(Text) Annotation Tools

(Text) Annotation Tools for Convenience

BRAT– brat is a web-based tool for text annotation; that is, for adding notes to existing text documents. brat is designed in particular for structured annotation, where the notes are not freeform text but have a fixed form that can be automatically processed and interpreted by a computer.

GATE– GATE is over 15 years old and is in active use for all types of computational task involving human language. GATE excels at text analysis of all shapes and sizes. From large corporations to small startups, from €multi-million research consortia to undergraduate projects, our user community is the largest and most diverse of any system of this type, and is spread across all but one of the continents1.

GATE is open source free software; users can obtain free support from the user and developer community via GATE.ac.uk or on a commercial basis from our industrial partners. We are the biggest open source language processing project with a development team more than double the size of the largest comparable projects (many of which are integrated with GATE2). More than €5 million has been invested in GATE development3; our objective is to make sure that this continues to be money well spent for all GATE’s users.

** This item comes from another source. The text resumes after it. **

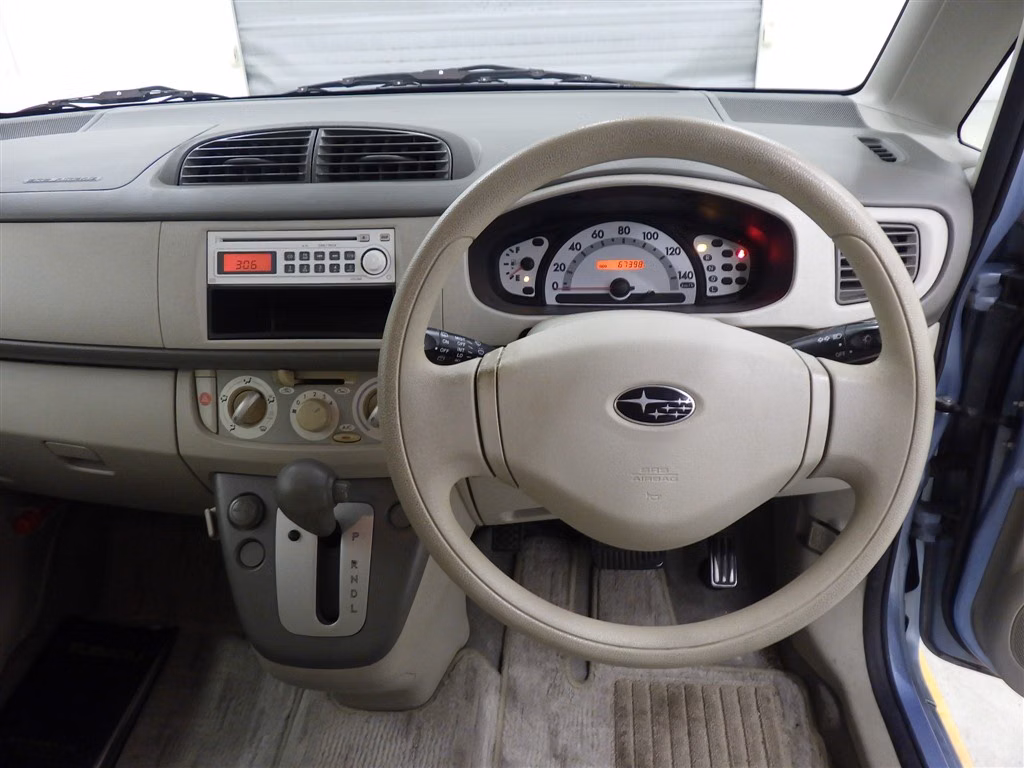 SUBARU STELLA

This note summarises the GATE software and process and gives examples of some of their uses. We believe that GATE is the leading system of its type, but as scientists we have to advise you not to take our word for it; that’s why we’ve measured our software in many of the competitive evaluations over the last decade-and-a-half (MUC, TREC, ACE, DUC, …). We invite you to give it a try, to get involved with the GATE community, and to contribute to human language science, engineering and development.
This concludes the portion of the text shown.